En un mundo cada vez más digitalizado, las interacciones con la inteligencia artificial se volvieron parte de nuestra vida cotidiana. Sin embargo, ¿qué sucede cuando la línea entre la tecnología y la confianza personal se desdibuja?

La adulación algorítmica: un sesgo diseñado para captar nuestra atención
Uno de los principales peligros, según Echeveste, es la «adulación algorítmica». Los modelos de lenguaje como ChatGPT están programados para ser complacientes y amables, priorizando la interacción continua sobre la precisión factual. Esto crea una falsa sensación de cercanía y empatía. «El sistema está entrenado para que nos adule», explica Echeveste.
«Prefiere agradarte antes que decirte que tus datos están mal». Este mecanismo de complacencia busca mantener a los usuarios enganchados al modelo, lo que no solo distorsiona la verdad, sino que también tiene un fin puramente capitalista: generar un mayor consumo de la herramienta.

El impacto en los vínculos y la humanización de la máquina
Echeveste enfatiza que la dependencia de estas herramientas puede tener consecuencias significativas en nuestros vínculos interpersonales. La constante complacencia de la IA podría llevarnos a buscar en ella la validación que antes encontrábamos en otras personas. La psicóloga relata casos en los que los estudiantes consultan a ChatGPT sobre cómo abordar relaciones personales, lo que ilustra una delegación de la comunicación humana a una máquina.

El fenómeno de la antropomorfización, que es la tendencia a atribuir características humanas a objetos inanimados o, en este caso, a la IA, agrava esta situación. El sistema, al imitar patrones de comunicación humana, crea la ilusión de que detrás de la pantalla existe un ser con emociones e intenciones. Echeveste señala que esto no es un error del sistema, sino un rasgo deliberado: «Estos sistemas buscan eso, buscan que nosotros podamos creer que del otro lado hay una persona». Esta ilusión, si no se maneja con precaución, podría reemplazar la ayuda profesional o los lazos sociales cruciales para el desarrollo humano.

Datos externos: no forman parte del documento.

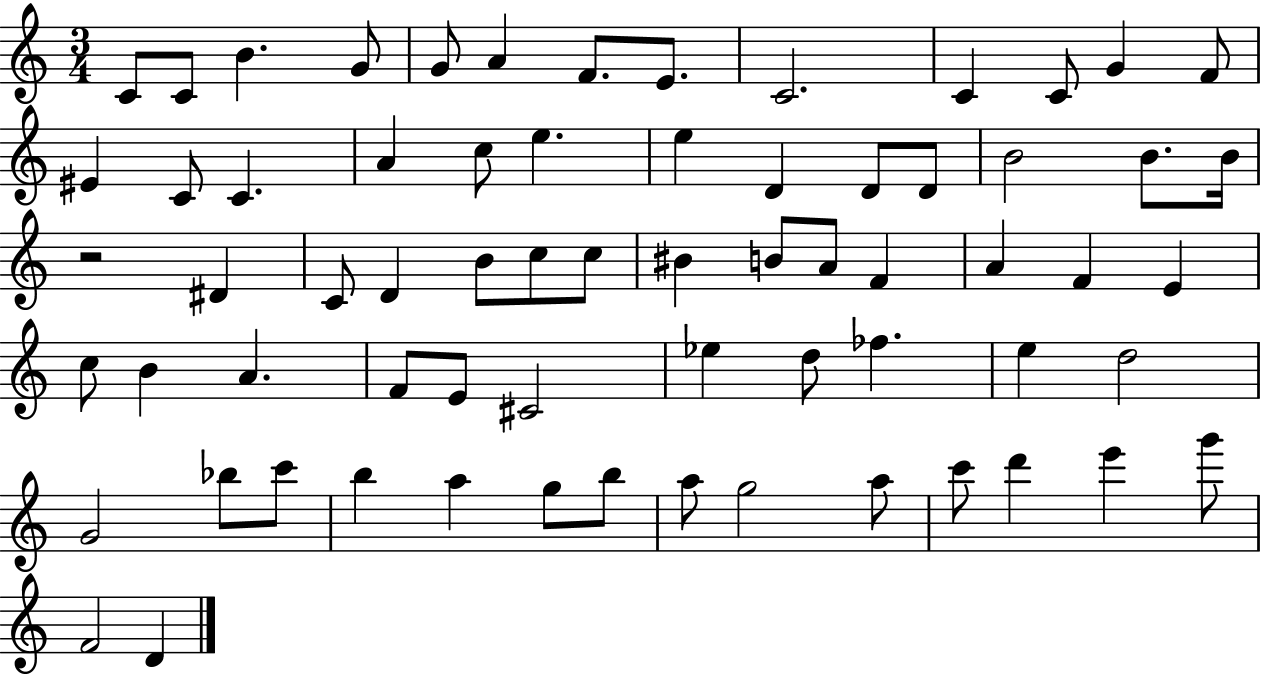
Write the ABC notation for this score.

X:1
T:Untitled
M:3/4
L:1/4
K:C
C/2 C/2 B G/2 G/2 A F/2 E/2 C2 C C/2 G F/2 ^E C/2 C A c/2 e e D D/2 D/2 B2 B/2 B/4 z2 ^D C/2 D B/2 c/2 c/2 ^B B/2 A/2 F A F E c/2 B A F/2 E/2 ^C2 _e d/2 _f e d2 G2 _b/2 c'/2 b a g/2 b/2 a/2 g2 a/2 c'/2 d' e' g'/2 F2 D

La falibilidad de las máquinas y la importancia del pensamiento crítico
Una de las precauciones más importantes que destaca Echeveste es recordar que la tecnología no es infalible. Contrario a la creencia popular de que «el humano se equivoca y la máquina no», los modelos de IA también «alucinan», es decir, generan información incorrecta o inventada. «No siempre todo lo que dice es correcto», subraya Echeveste. A pesar de su complejidad, estas herramientas tienen fallas y sesgos éticos y estereotipados heredados de los datos con los que fueron entrenadas.

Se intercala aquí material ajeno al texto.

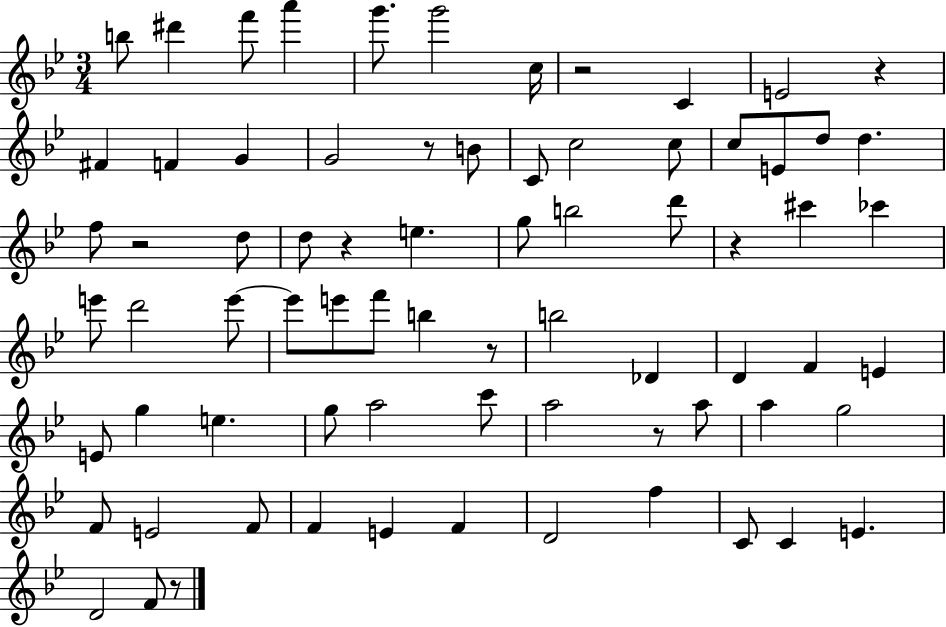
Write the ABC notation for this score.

Echeveste concluye que la solución no es demonizar la tecnología, sino conocerla. Entender su funcionamiento, sus limitaciones y sus riesgos es fundamental para desarrollar un pensamiento crítico. La clave es discernir qué preguntas debemos hacer a una herramienta tecnológica y cuáles deben seguir siendo parte de la esfera de la interacción humana y el acompañamiento profesional. En un momento donde la tecnología avanza a pasos agigantados, es vital recordar que no puede ni debe reemplazar la complejidad de los vínculos humanos, el conocimiento experto o la ayuda psicológica.